I’d like to back up to a more robust media, something actually designed for offline storage. As I understand it, that basically leaves me the choice between some form of optical (blu-ray and m-disk, basically), and tape backups. Tape backup systems are quite expensive upfront (well at least the ones that are near-current-generation), but it has the added benefit of systems being available to handle multiple tapes, since the amount of data I need to back up won’t fit on a single disk…
Could it ever be good bang for the buck?
Lets say you have 2.5 TB and pay $144/TB/year to store it (rsync.net pricing), totaling $360/yr for an always-live backup. On the other hand, something like amazon glacier deep archive can cost as lows $12/TB/year, totaling $30/year for your data, to store backups that you access only in a disaster recovery scenario. There are additional costs for uploading and downloading data with glacier and comparable products.
Say you can fit all of your data on 25 pack of 100GB M-Disc drives, amazon says that costs $245. Not including the time and effort it takes to back up and organize twenty five optical discs, you can make at most one backup per year before it’s cheap to go with an always-live option and never cheaper than a deep-glacier-type backup.
Let’s say you buy an LTO-5 drive. Newegg says you can buy a low end unit for ~$800 and that the drives cost about $35 for a 3TB tape which you can fit a full backup on. Supposing you make two backups per year you break even on the always live backup in about three years and never cheaper than a deep-glacier-type backup.
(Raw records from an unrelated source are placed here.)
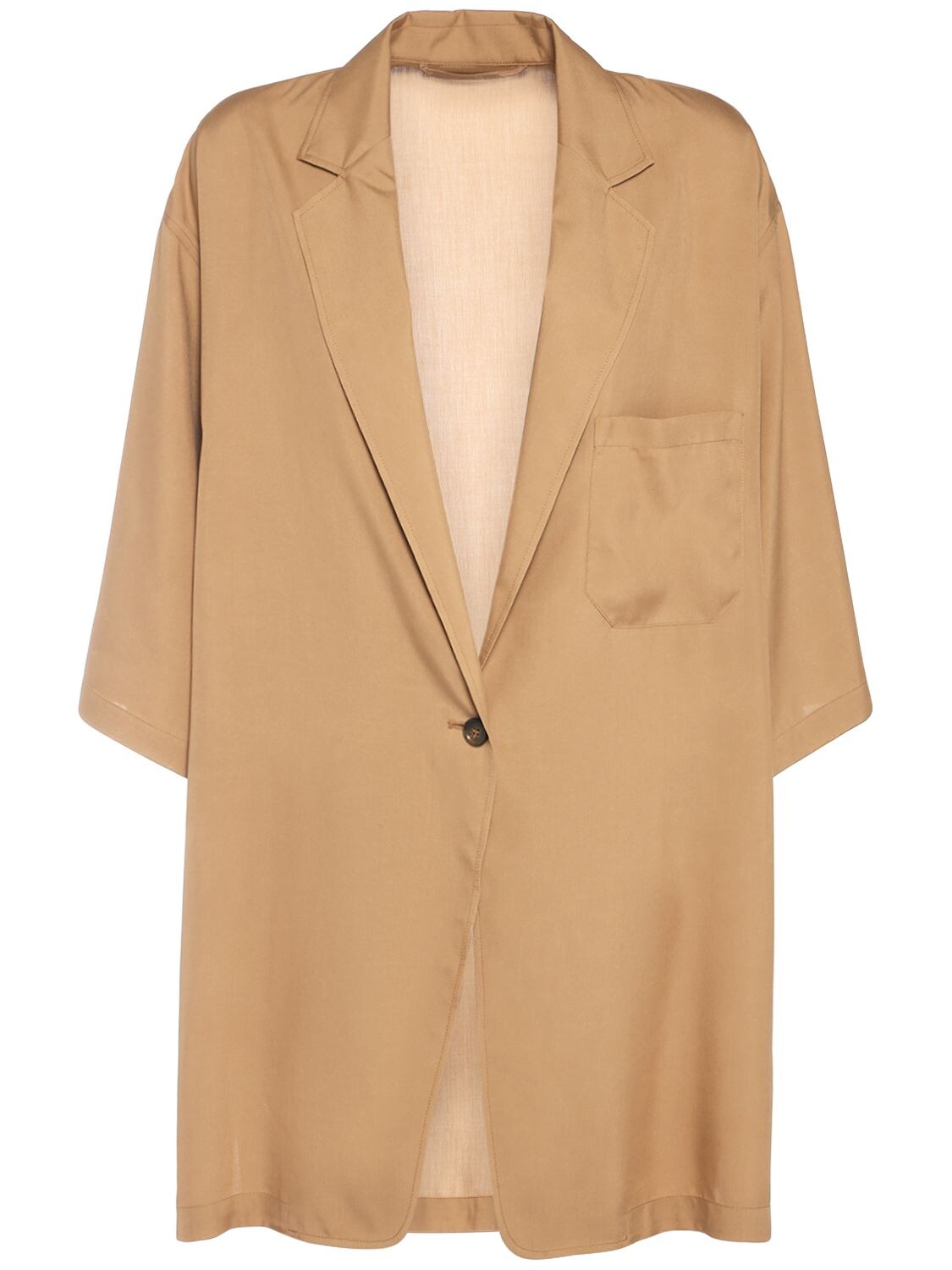 Madison Oversized Silk Twill Jacket – WOMEN > CLOTHING > JACKETS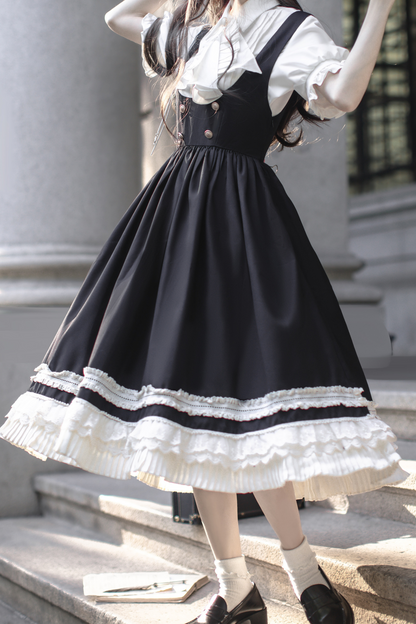 Vest British Item Light Reserved Retro College Skirt Shirt Ribbon + Low Style Brooch Tie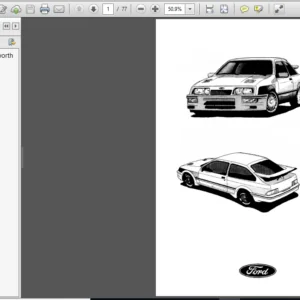 Ford Sierra Rs Cosworth 1985-1987 Workshop Manual - PDF DOWNLOAD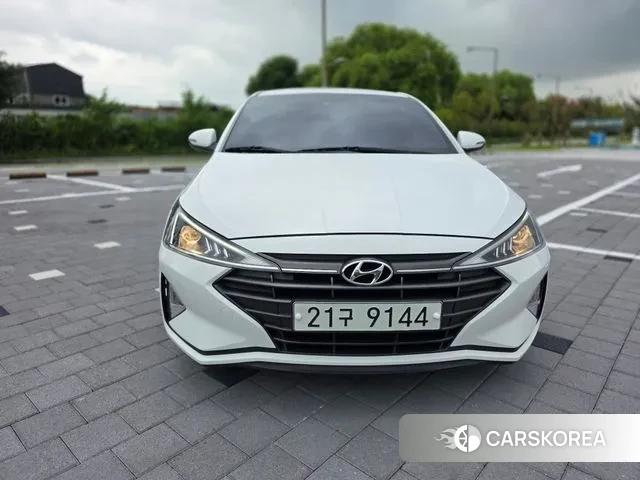 Hyundai Avante AD 2019 Белый из Кореи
The math shakes out differently for each service, but it’s hard to imagine a scenario where its a good bang for the buck on the order of a few TB.
I’ve waffled on this topic a lot over the years. The cool factor of LTO is appealing from a selfhosted perspective, but the reality is that, unless you’re willing to spend a LOT, or are willing to go way back on older-generation used hardware, it doesn’t seem to pan out. Plus I hear the used enterprise gear is pretty loud, so that’s an additional negative, unless you go for a desktop solution, which are really hard to find cheap.
(that being said, look how pretty… EH970A compatible LTO6 external tape drive LTFS (inside view limited edtion) | eBay)
It kinda seems to me like purchasing a few Manufacturer Recertified 20+ TB hard drives and doing manual / semi-manual drive swaps either with a desktop NAS or desktop dock, then cycling the drives physically out to a safe space is the way to go for the “must be safe” kinds of things. Having multiple allows you to have peace of mind with the case that one goes bad in storage, you’d still have other(s).
Beyond that, my photos are synced to backblaze, since I really don’t have all that much, so it just is easier to sync that from my NAS to the cloud and pay for it.
I recently moved everything to Immich for photos, and while I’m still trialing the software, it seems fairly good, so I’m beginning to look at backing that up first to my NAS, and then potentially using a cloud account (probably backblaze again, honestly) as the third location in the 3-2-1 strategy, but I’ll have to investigate it more closely. Since Immich is a VM on proxmox, I already back up the whole VM to my NAS with everything else from Proxmox, but Immich also has the option to just backup the files and database without the VM, and I have to decide how I want to handle that.